──────── THE DATA

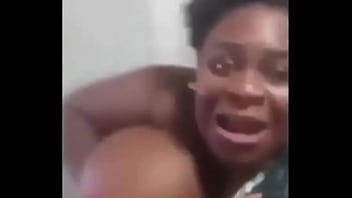 Preview 3 of Busty Lvy Lebelle - JoJo todinho sem querer mostrar seus peit&atilde_o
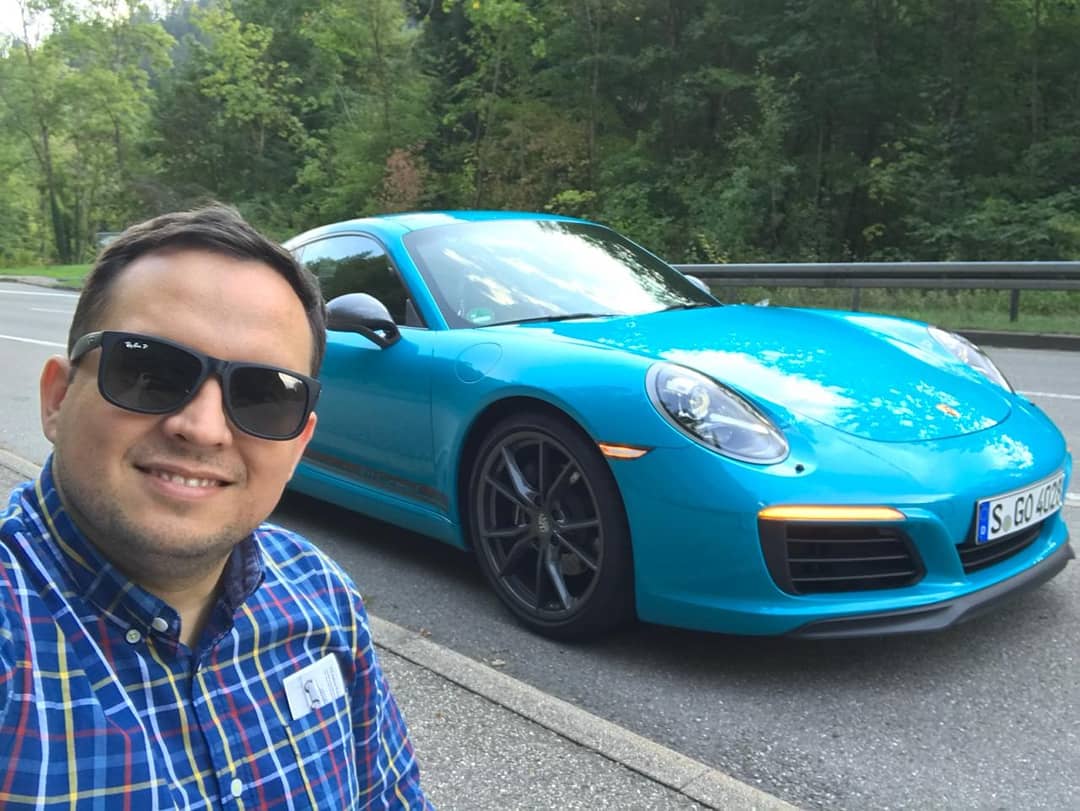 BagreStudios's tweet photo. Nuestro especialista en autos @luiknopfel desde Bolzano - Italia,  en el lanzamiento de la nueva #Audi #Q3; y en Sttutgart - Alemania probando el nuevo #Porsche #911T para @testdrivepy.
Gracias a #Diesa para #AudiParaguay  y @PorscheParaguay. https://t.co/vBktneyHlL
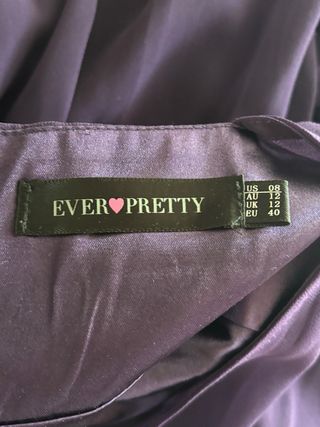 Vestido de fiesta morado y dorado, corte imperio.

────────────────

= TASK BRIEF =
A word-for-word copy of all the data, without pictures, is the expected output.

= RESPONSE TO THIS TASK =
 Preview 3 of Busty Lvy Lebelle - JoJo todinho sem querer mostrar seus peit&atilde_o
 BagreStudios's tweet photo. Nuestro especialista en autos @luiknopfel desde Bolzano - Italia,  en el lanzamiento de la nueva #Audi #Q3; y en Sttutgart - Alemania probando el nuevo #Porsche #911T para @testdrivepy.
Gracias a #Diesa para #AudiParaguay  y @PorscheParaguay. https://t.co/vBktneyHlL
 Vestido de fiesta morado y dorado, corte imperio.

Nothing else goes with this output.